Fairness of Classifiers in the Presence of Constraints between Features

arXiv cs.AI / 5/4/2026

💬 OpinionIdeas & Deep AnalysisModels & Research

共有:

Key Points

The paper examines how standard fairness notions for classifiers—specifically independence from protected attributes like gender—can fail when constraints exist between features, masking underlying dependencies.
It proposes a new fairness criterion based on the existence of a “fair explanation,” defined as a prime-implicant reason for the decision that contains no protected features, accounting for feature constraints.
The authors find that ignoring constraints can drastically change whether a decision is considered fair under this explanation-based definition, even when protected and non-protected features are not directly constrained.
They analyze three definitions of classifier fairness (all decisions have fair explanations, at least one decision has a fair explanation, or outcomes are invariant under changes to protected features) and study the computational complexity of testing these properties.

Abstract

In Machine Learning, an accepted definition of fairness of a decision taken by a classifier is that it should not depend on protected features, such as gender.

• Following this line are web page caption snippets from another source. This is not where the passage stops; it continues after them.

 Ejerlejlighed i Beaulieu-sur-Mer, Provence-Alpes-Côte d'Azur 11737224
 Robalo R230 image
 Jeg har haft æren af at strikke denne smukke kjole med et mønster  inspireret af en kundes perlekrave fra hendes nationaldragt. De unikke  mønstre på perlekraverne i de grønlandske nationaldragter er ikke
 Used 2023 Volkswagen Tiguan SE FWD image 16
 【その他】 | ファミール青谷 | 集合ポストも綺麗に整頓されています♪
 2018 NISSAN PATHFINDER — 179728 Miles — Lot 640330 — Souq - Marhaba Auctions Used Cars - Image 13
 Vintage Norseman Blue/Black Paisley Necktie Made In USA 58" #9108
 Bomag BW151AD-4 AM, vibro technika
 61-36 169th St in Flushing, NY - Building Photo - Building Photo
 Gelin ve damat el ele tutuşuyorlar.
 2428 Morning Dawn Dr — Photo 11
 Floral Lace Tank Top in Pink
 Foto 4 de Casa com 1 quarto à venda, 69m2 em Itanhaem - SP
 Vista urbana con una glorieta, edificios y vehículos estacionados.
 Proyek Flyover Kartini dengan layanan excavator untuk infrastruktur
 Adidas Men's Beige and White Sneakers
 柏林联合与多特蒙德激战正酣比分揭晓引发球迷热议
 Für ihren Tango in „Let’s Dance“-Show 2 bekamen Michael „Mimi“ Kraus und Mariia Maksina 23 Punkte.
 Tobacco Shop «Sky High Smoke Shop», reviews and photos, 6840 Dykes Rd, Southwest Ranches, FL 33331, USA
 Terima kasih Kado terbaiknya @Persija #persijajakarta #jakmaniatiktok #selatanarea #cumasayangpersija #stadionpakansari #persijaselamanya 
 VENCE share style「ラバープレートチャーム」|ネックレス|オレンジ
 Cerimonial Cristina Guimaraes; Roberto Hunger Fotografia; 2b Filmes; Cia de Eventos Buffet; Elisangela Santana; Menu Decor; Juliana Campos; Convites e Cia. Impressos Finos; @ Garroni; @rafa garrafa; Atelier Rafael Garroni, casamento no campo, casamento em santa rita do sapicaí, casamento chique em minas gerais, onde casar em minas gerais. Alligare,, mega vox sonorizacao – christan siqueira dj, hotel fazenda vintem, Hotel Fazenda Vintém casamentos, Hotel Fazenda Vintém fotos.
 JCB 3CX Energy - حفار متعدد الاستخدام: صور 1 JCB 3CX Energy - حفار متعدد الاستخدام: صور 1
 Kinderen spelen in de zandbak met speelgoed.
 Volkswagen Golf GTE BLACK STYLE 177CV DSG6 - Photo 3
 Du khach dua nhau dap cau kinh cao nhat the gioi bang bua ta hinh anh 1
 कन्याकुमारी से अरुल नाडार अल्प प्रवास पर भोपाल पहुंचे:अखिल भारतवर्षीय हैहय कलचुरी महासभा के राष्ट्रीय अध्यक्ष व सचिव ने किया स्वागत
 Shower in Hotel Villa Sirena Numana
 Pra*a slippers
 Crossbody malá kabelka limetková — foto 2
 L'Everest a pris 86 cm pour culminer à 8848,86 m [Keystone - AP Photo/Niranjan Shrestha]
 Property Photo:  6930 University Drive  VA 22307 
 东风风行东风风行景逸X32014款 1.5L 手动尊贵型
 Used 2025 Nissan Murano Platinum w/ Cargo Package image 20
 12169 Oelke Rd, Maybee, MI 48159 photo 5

Unfortunately, when constraints exist between features, such dependencies can be obscured by the constraints. To avoid this problem, we propose that a decision be considered fair if it has a fair explanation. We define a fair explanation as a prime-implicant reason for the decision that does not contain any protected feature (where the constraints are taken into account in the definition of prime-implicant). Surprisingly, ignoring constraints can completely change the fairness of a decision (according to this definition) even in the absence of constraints between protected and unprotected features. Three possible definitions of fairness of a classifier are that for all its decisions (1) there are only fair explanations, (2) there is at least one fair explanation, or (3) changing protected features does not change the outcome. We identify the relationships between these different definitions of fairness and study the computational complexity of testing fairness of classifiers.